Open Access Dissertation


Chemical Engineering

First Advisor

James A. Ritter


The pressure equalization step between two adsorption beds is a key cycle step in many pressure swing adsorption (PSA) processes. It involves connecting two beds together, or two beds and a tank as a medium. The utilization of tanks for equalization in a bed-to-tank-to-bed (BTB) configuration could be advantageous to reduce the number of beds in PSA cycle. In this study, a binary gas mixture A and B, with A more strongly adsorbed than B, was used for the investigation of Stafstrom-type PSA cycles with bed-to-bed (BB) and bed-to-tank-to-bed (BTB) equalization steps using linear isotherm and isothermal equilibrium theory. For tractability, it was assumed that the gas produced from the light end of a bed contained only B, and that all of the A would be recovered in the heavy product. Performances of the PSA cycle were expressed analytically in terms of the recovery of B in the light product 𝑅𝑒𝐿𝑃,𝐡, the purity of A in the heavy product 𝑦̅𝐻𝑃, and the final pressures of the BB and BTB equalization steps. The effects of the number of equalization steps n (varying from 1 to 10) and the relative size of the equalization tanks 𝛹 (varying from 0.1 to 500) were investigated. It was discovered that increasing the size of the tanks and the number of equalization steps improved the separation performance.

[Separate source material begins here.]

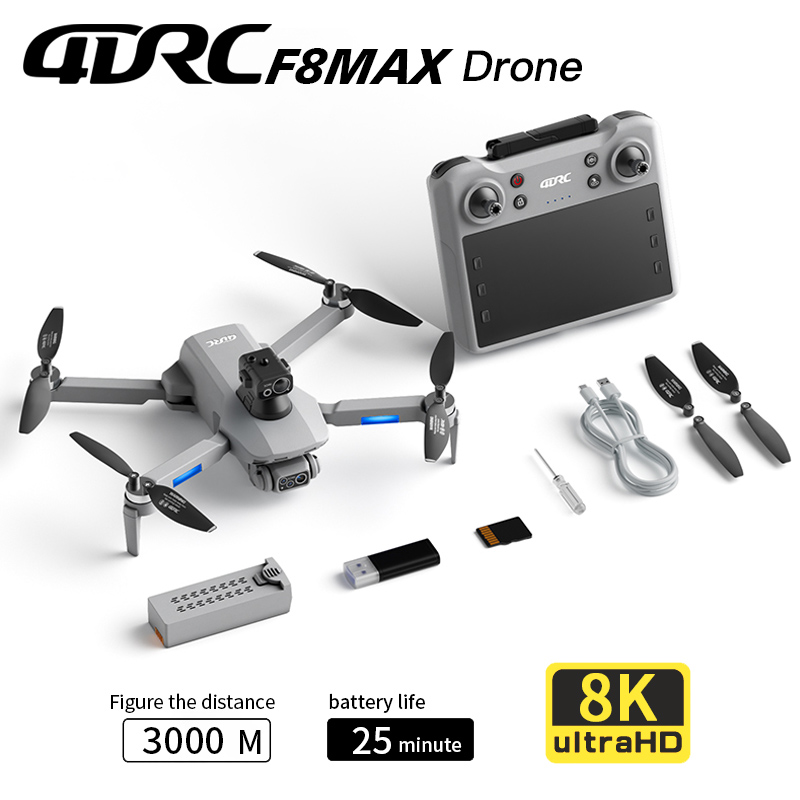 Drone Kit Professional - F8 MAX GPS-Drohne, professionelle 8K-Kamera, 5G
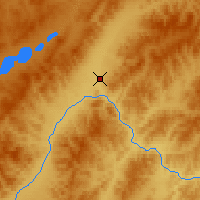 Nearby Forecast Locations - Chita - Map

In addition, the air separation process using Zeolite 13X adsorbent was used as a case study to examine the effect of equalization tanks on the performance of a practical PSA process. In this research study, only O2 and N2 were considered as feed mixture, and weakly adsorbed species like argon were clubbed with O2. The purity and recovery of O2 in LP were compared between PSA cycle schedules containing bed-to-bed (BB) and bed-to-tank-to-bed (BTB) equalization steps. This comparison revealed that the utilization of tanks for equalization step not only reduces the required number of beds, but also improves the recovery of the O2 in LP. Besides, our in-house Dynamic Adsorption Process Simulator (DAPS) was used to simulate the PSA cycles and identify the mass transfer coefficients based on the LDF model that shows excellent predictions of the experimental performance data.